For NASA, this weekend is special. Sunday marks the 56th anniversary of the Apollo 11 moon landing — humanity's first steps on another world — July 20, 1969.

As the only space agency on Earth able to boast such an accomplishment, those at NASA view the date with wide recognition.

This year, however, some within NASA will mark the occasion amid what they see as an institution under attack, both from outside and from within.

 

A group of NASA employees and their supporters in Washington, D.C., will hold a demonstration to protest what they view as detrimental preemptive compliance within space agency leadership to execute potential cuts to science programs and staffing, based on the White House's 2026 budget request, which has not yet been enacted into law.

 

The grassroots demonstration, endorsed by the Goddard Engineers, Scientists and Technicians Association, is the second planned by the organizing group, NASA Needs Help, which led a similar protest on June 30 to give voice to those in NASA wanting to speak out as private citizens to raise awareness of the irreparable cuts already happening within the space agency.

 

"The public has heard that NASA is under attack, that the president's budget request would slash our nation's aeronautics and space administration.

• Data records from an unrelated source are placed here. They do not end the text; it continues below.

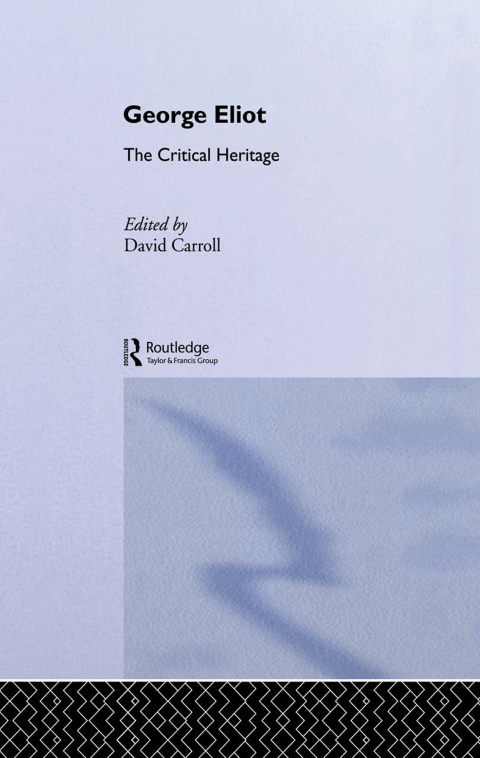 Cover image for book George Eliot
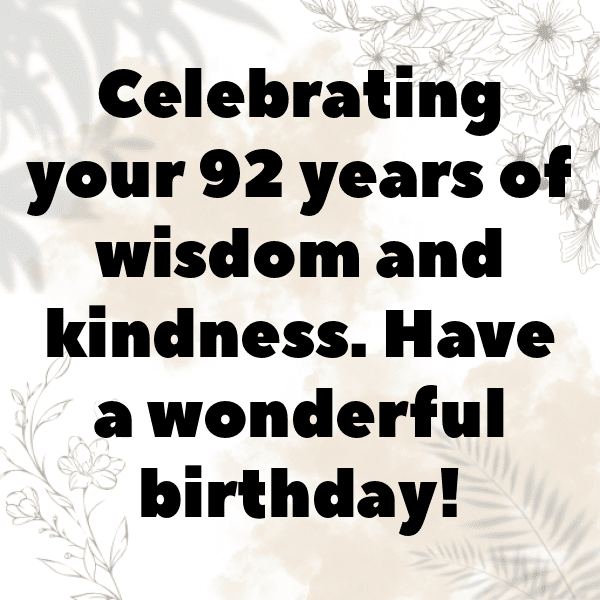 92nd Birthday Captions Photo For Instagram-5Ar96s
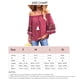 thumbnail image 4 of Top con hombros descubiertos blusa elegante para mujer informal holgada con estampado floral transpirable para uso diario ANGGREK  Otros, 4 of 6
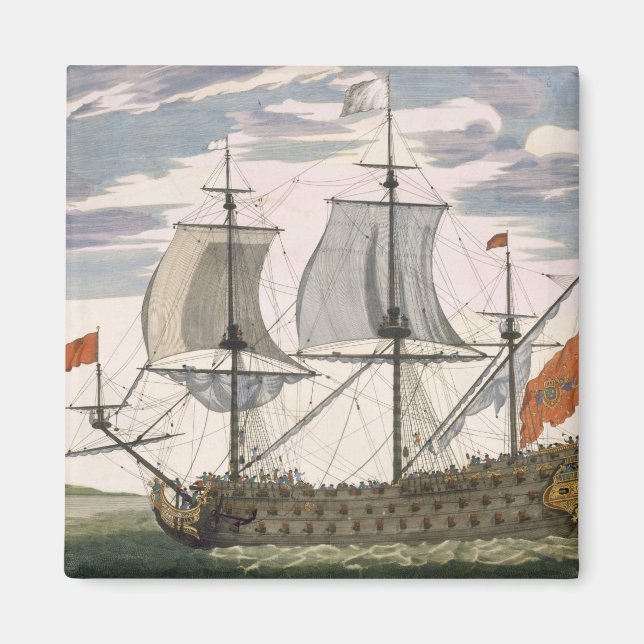 Aimant British Navy : un navire de première classe qui su (Devant)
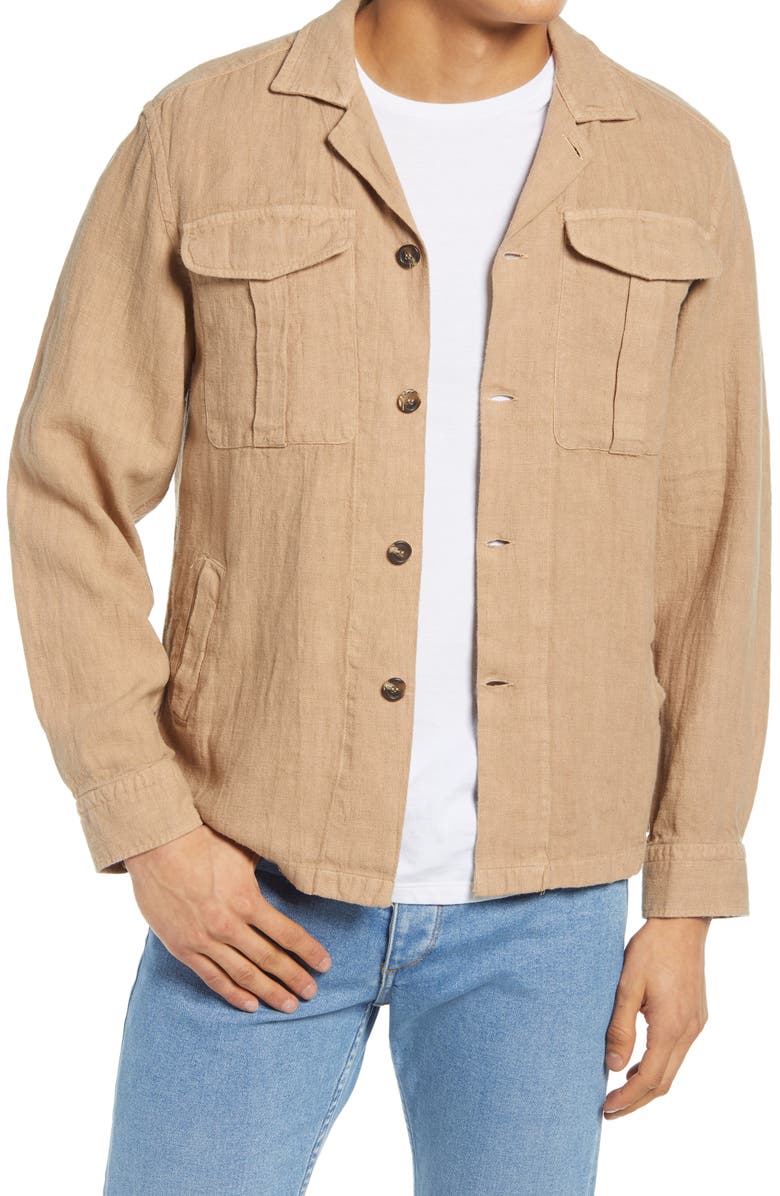 Benson Men's Linen Shirt Jacket, Main, color,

What most people don't know is that it's happening now," Marshall Finch, a NASA contract worker helping organize the protest, told Space.com.

Finch said his views and actions are his own and not representative of his employer or NASA. NASA Needs Help is responding to what it sees as NASA leadership treating the White House's 2026 budget request as a mandate.

 

"Under pressure from the White House, OMB and DOGE, NASA's administration is shredding NASA every day, and it's happening quickly," Finch said, referring to the Office of Management and Budget and the Department of Government Efficiency, initially led by SpaceX CEO Elon Musk.

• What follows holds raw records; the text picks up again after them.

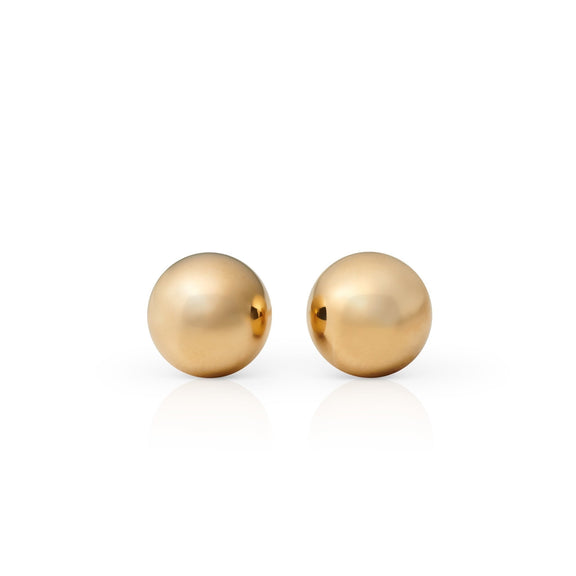 9.5mm Gold Bead Earrings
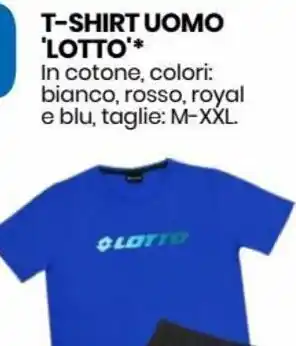 Eurospin T-Shirt Uomo Lotto M-XXL offerta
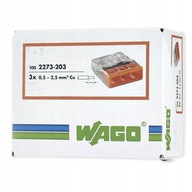 WAGO RÝCHLOSPOJKA PRE DRÔT 3x0,5-2,5mm² 100 ks WAGO RÝCHLOSPOJKA PRE DRÔT 3x0,5-2,5mm² 100 ks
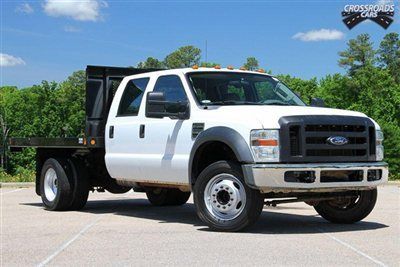 08 crew cab 46k 4.88 axle 5-speed auto 6.8l v-10 unleaded commercial xl flatbed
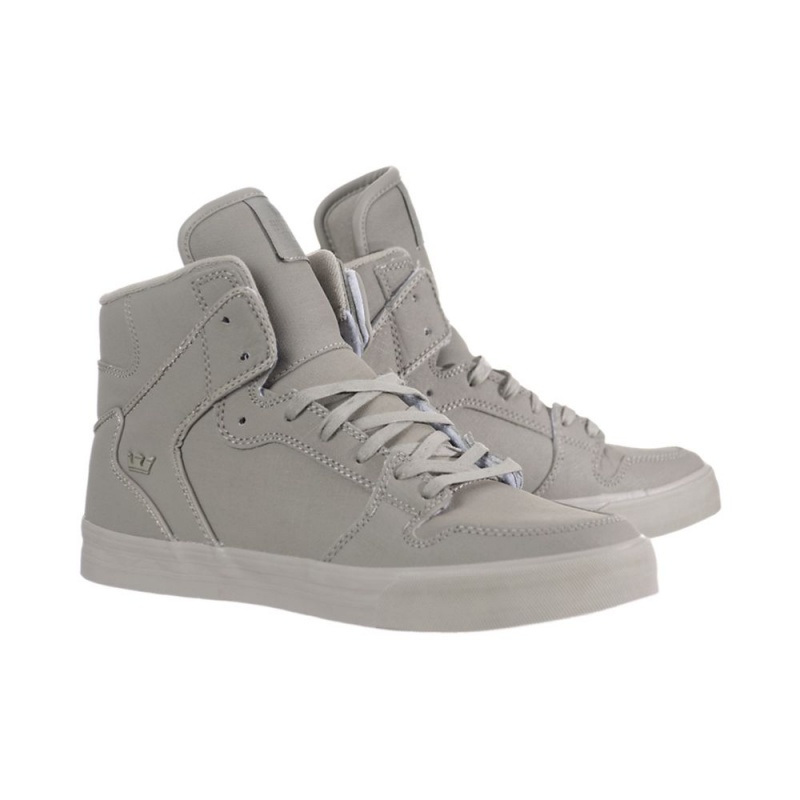 Cano Alto Supra Vaider Feminino Cinzentas | ASPWQ8923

When reached for comment, NASA officials confirmed their awareness of the upcoming protest, but said the space agency has no affiliation with the demonstration.

 

The 2026 budget request slashes NASA science funding by 47% and overall agency funding by 24%, with the heaviest impacts felt by Earth science (especially climate research) and deep-space planetary missions, some of which are still in active operation, transmitting data.

Canceling many of these missions (there are 41 on the chopping block) also poses risks to national security, the nation's ability to track natural disasters, as well as America's overall dominance in space, scientists have said.

 

Morale at facilities like NASA's Goddard Space Flight Center in Maryland has plummeted.

One scientist who attended the June 30 demonstration works as a postdoc at Goddard, through a contractor, on the LISA (Laser Interferometer Space Antenna) mission, and told Space.com the past few years at NASA have been their "absolute dream job."

 

"I love it," said the Goddard scientist, who wished to remain anonymous for fear of retribution. "And this year has been an utter nightmare that has not stopped since January."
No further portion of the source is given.